Neither Aurand nor I remember a thing Biden said that day. It was, after all, a park full of blue collar Democrats drinking draft beer on a hot summer weekend.
Still, “I was very impressed by him, because he was young, and bright, and that he came 1,000 miles to Winnebago County because he wanted to become known throughout the nation,” Aurand said as he thumbed through his scrapbook of political memories.
Biden, whose wife and daughter were killed in a car crash shortly after his 1972 election, did become known throughout the country, and while he didn’t win the gold medal of the presidency in 1988 or 2008, Democratic presidential candidate Barack Obama tapped him Friday for the silver of the vice presidency. They do have to win on Nov. 4 before the medal ceremony, though.
Saturday, the Democrats officially rolled out “Obama/Biden — The Ticket.” The Old State Capitol, where Obama and Biden spoke for just 40 minutes between the two of them, was also where Obama announced his candidacy in February 2007. The speakers’ platform Saturday was again in front of the capitol where Abraham Lincoln delivered his “House Divided” speech on June 16, 1858, the year he ran for the U.S. Senate. The nation could not survive half slave and half free, Lincoln warned.
Illinois’ senior senator, Dick Durbin, said he’s known that Biden was among the three finalists for about three weeks. He said Biden is a great choice.
“We just doubled our fire power with the addition of Joe to our ticket,” Durbin said as he made his way to the TV interviewing area.
Biden, 65, is to be the counterweight to the lightly experienced Obama. Biden chairs the Foreign Relations Committee, especially important in the wake of the newly minted Russian-Georgian conflict in Eastern Europe. Obama was vacationing in Hawaii when Georgian troops invaded the breakaway province of South Ossetia, which provoked a Russian counterattack. Republican John McCain picked up political points by making strong statements against the Russians while Obama surfed.
Saturday, the Democrats served notice on McCain that they intend to put the currently tied race in the win column. In introduction, Obama called Pennsylvania-born Biden “that scrappy kid from Scranton” who will “give us some real straight talk.”
Biden began slowly, invoking the spirit of Lincoln: “President Lincoln said put your feet in the right place and stand firm. I’m in the right place today in Springfield, and I am standing firm,” Biden said.
Then his volume built steadily as he launched a stinging attack on McCain, whom he called his close friend.
Economic woes “aren’t something John McCain has to worry about. He worries about which of seven kitchen tables to sit at,” Biden said to laughter.
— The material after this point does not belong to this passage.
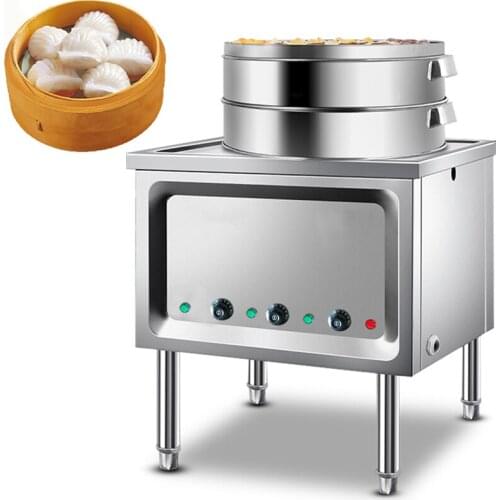 220V/380V Commercial Bread Steam Rapid Heating Machine Electricity Gas Steam Oven Furnace Electro-Thermal Food Processing 9KW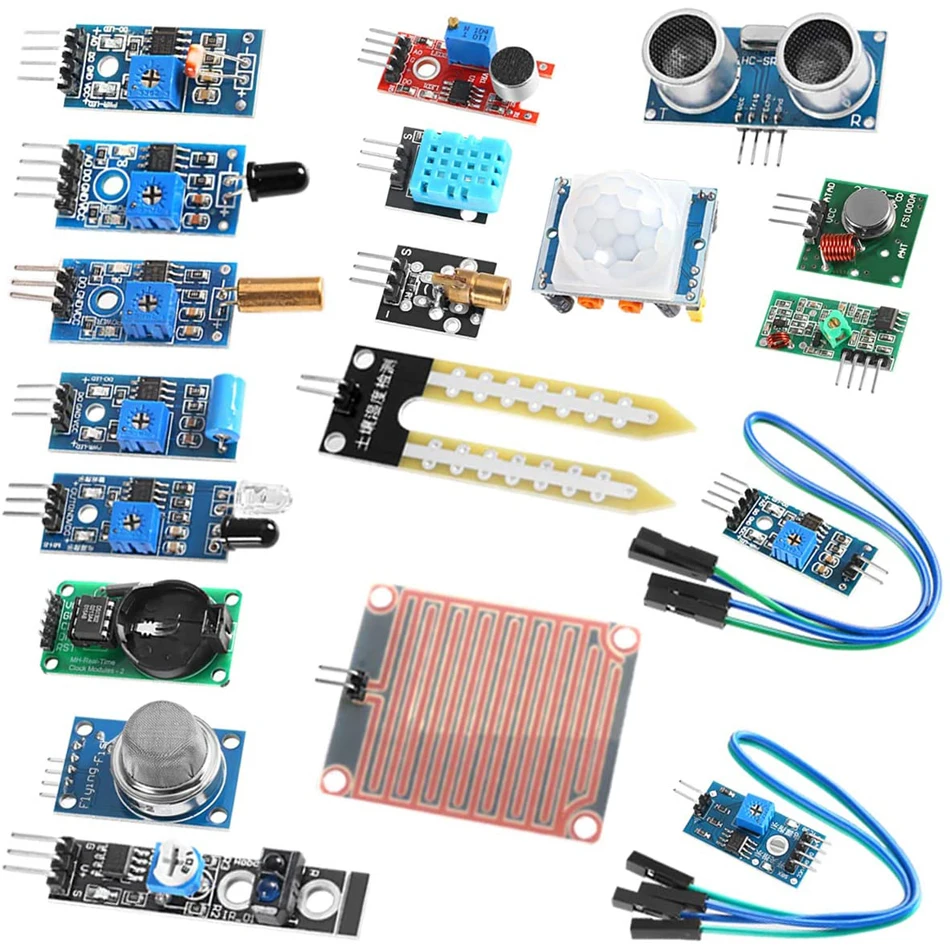 Стартовый набор для Arduino Raspberry pi Sensor 16 в 1 начинающих роботов 45 сенсоров 37 |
McCain owns between four and seven or eight homes.
“We don’t have to have four more years of George W. Bush,” said Biden, who repeated McCain quotes aligning the Arizona senator with Bush.
“You can’t change America when you say the Bush administration (has) made great progress economically. You can’t change America when you signed on to Bush’s privatization of Social Security.
“You can’t change America when you say ‘No one has supported Bush in Iraq more than I have,’” Biden said. “And you can’t change America when you know that your first four years as president will look exactly like the last eight years of George Bush’s presidency,” he shouted, reminding the partisan crowd that McCain voted for Bush administration policies 95 percent of the time.
“This may be our last chance to reclaim the land we love, to restore America’s soul,” he warned.
The hot, muggy afternoon was not without its gaffes, a Biden trademark. At one point he called Obama “Barack America.” In his introduction, Obama referred to Biden as “the next president of the United States of America.” He quickly corrected himself.
Two Obama supporters in the crowd of thousands expressed cautious optimism about the choice of Biden.
”I’m surprised,” said Steven Richie of Springfield. “Some of my friends and I thought it would be Evan Bayh,” the senator from Indiana. “But I’m pleased because of Biden’s experience,” Richie said.
Nancy Tucker of Petersburg said that she’s “delighted” that Biden is the veep choice, “because he brings to the table all the strengths we can hope for, and shows another aspect of Obama’s desire to be a good president. He’s not afraid to surround himself with people of experience.” Still, Tucker also believes “that Hillary would make a great president.”